Außerdem wurde beschlossen, eine vakante Dezernentenstelle zu streichen.
Von den insgesamt 78 Vorschlägen der Verwaltung waren im Rahmen der Online-Beteiligung nur 15 von den Teilnehmern abgelehnt worden. Diese betrafen vor allem Real-Steuererhöhungen und die Schließung von Schwimmbädern, hatten allerdings ein finanzielles Volumen von rund 13,6 Millionen Euro, sodass das von den Bürgern mitgetragene Gesamteinsparvolumen nur bei 31,6 Millionen lag. Das hieß: Um die 45-Millionen-Euro-Marke zu erreichen, musste der Rat zum Teil auch gegen die Bürgervoten entscheiden.

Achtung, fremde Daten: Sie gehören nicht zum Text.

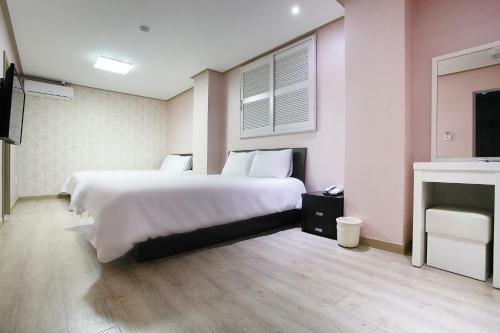 Orange Tree Hotel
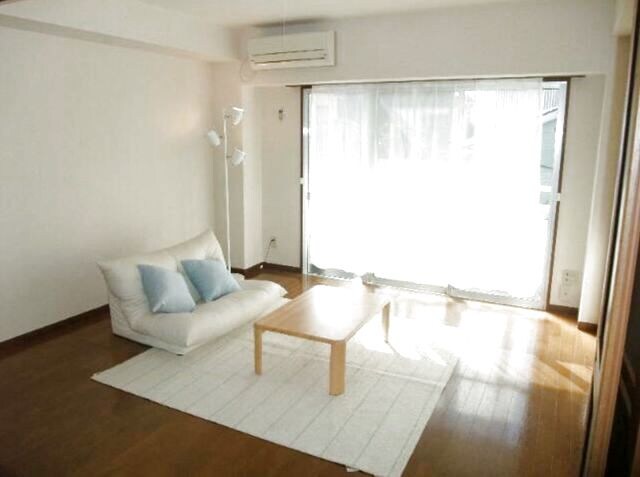 物件内観写真5　(家具は尽きません)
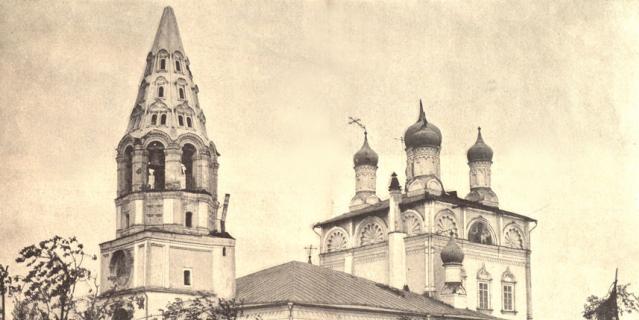Церковь святых Петра и Павла в Лефортове в результате урагана лишилась крестов..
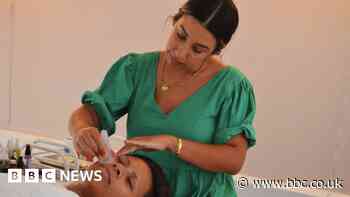 Train and Tube strikes: Salon owner says strikes make it feel like the pandemic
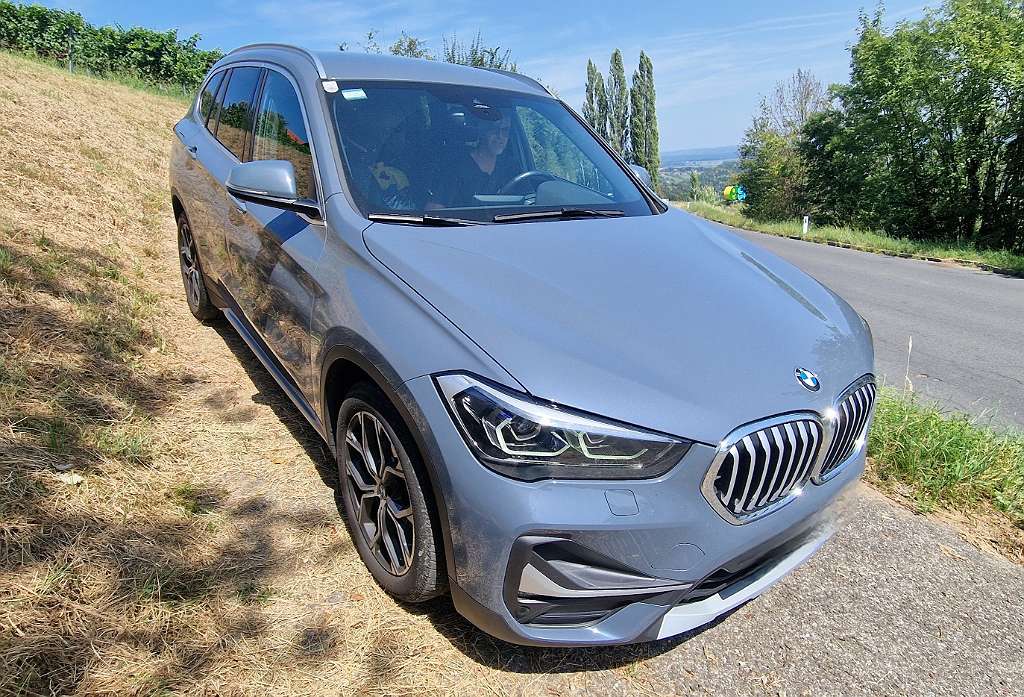 BMW X1 xDrive18d, xLine Advantage, Storm Bay metallic SUV / Geländewagen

Zum Erkenntnisgewinn gehörte aber die Tatsache, dass sich klare Mehrheiten der Teilnehmer für die Schließung städtischer Festsäle in zwei Stadtteilen, für die Aufgabe eines traditionsreichen Fußballstadions, die Erhöhung der Hundesteuer, die Aufgabe von Schulstandorten und für die Ausweitung der Parkraumbewirtschaftung positionierten. Das Ergebnis zeigte, dass das Internet-Portal auch nicht organisierten Bürgern die Chance zu einer öffentlich wahrnehmbaren Meinungsbekundung gegeben hat und diese Möglichkeit auch genutzt wurde.
Breite Bürgerbeteiligung
Der Ausgang der Bürgerbeteiligung und der Ratsbeschluss machten Eindruck auf die Aufsichtsbehörde der Stadt, die Bezirksregierung in Düsseldorf. Regierungspräsidentin Anne Lütkes spendete der Stadt Solingen für ihr überarbeitetes Haushaltssicherungskonzept großes Lob. Besonders positiv hob Lütkes die breite Bürgerbeteiligung hervor. Der Rat der Stadt habe sich seiner Verantwortung gestellt und sei auch vor unpopulären Entscheidungen nicht zurückgeschreckt. Die Regierungspräsidentin würdigte damit einen „echten Kraftakt“, den sie mit einer Haushaltsverfügung belohnte: Solingen war nicht mehr akut von Überschuldung bedroht.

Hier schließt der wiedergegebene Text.